スマホで領収書を撮影するだけで、日付・金額・店名が自動で読み取られます。
OCR精度は約92%と高い水準ですが、「勘定科目の判定」と「摘要欄の記入」は手動で行う必要がありました。
ここにChatGPTを組み合わせます。
OCRで読み取ったデータをChatGPTに渡し、「この支出の勘定科目は何ですか?」「摘要欄に記入すべき内容を提案してください」と指示すれば、AIが自社の経費規程に沿った回答を返してくれます。
たとえば「スターバックス 1,540円」という情報から、「会議費(社外打ち合わせ時の飲料代)」という勘定科目と摘要を自動生成できるのです。
他の組み合わせとの比較——なぜfreee+ChatGPTがベストか
マネーフォワード+ChatGPTも選択肢ですが、freeeはAPI連携の柔軟性が高く、Zapierを経由したChatGPT連携がスムーズです。
弥生会計は操作性に優れますが、クラウド連携の面でfreeeに後れを取っています。
コスト面では、freee スタンダードプラン(月額3,980円)+ChatGPT Plus(月額20ドル)で、月額約7,000円。

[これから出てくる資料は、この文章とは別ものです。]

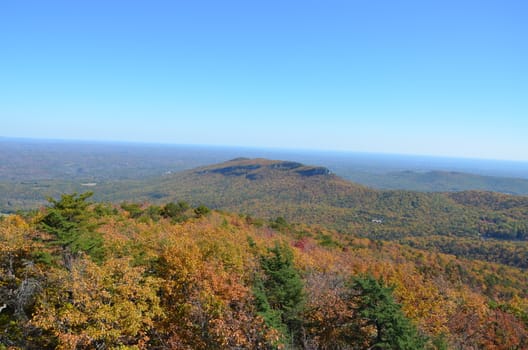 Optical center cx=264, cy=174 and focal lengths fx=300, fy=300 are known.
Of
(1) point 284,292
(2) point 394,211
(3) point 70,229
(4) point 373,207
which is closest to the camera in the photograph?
(1) point 284,292

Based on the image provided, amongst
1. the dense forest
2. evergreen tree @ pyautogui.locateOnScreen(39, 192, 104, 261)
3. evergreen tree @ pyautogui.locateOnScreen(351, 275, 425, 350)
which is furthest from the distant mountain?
evergreen tree @ pyautogui.locateOnScreen(39, 192, 104, 261)

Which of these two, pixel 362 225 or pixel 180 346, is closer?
pixel 180 346

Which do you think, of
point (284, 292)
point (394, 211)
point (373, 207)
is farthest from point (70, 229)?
point (373, 207)

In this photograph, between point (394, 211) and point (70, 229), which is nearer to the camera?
point (70, 229)

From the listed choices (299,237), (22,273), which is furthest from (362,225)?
(22,273)

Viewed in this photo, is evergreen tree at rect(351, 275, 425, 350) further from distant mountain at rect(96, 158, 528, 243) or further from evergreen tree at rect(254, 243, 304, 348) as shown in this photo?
distant mountain at rect(96, 158, 528, 243)

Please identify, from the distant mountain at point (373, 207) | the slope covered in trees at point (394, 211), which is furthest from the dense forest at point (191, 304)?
the distant mountain at point (373, 207)

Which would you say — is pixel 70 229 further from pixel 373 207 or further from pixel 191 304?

経費精算代行を外注する場合の月額2〜5万円と比較すれば、圧倒的にコストパフォーマンスが高い選択です。
ある10人規模のスタートアップでは、この組み合わせで経理担当者の残業時間を月20時間削減し、年間で約60万円のコスト削減を達成しました。
セキュリティ上の注意点
経費データには個人情報や取引先情報が含まれるため、セキュリティには十分な注意が必要です。
ChatGPTに経費データを入力する際は、ChatGPT Team(またはEnterprise)プランを利用し、データが学習に使われない設定を必ず有効にしてください。
また、社内のセキュリティポリシーを事前に確認し、必要に応じて情報システム部門の承認を得ることを強くおすすめします。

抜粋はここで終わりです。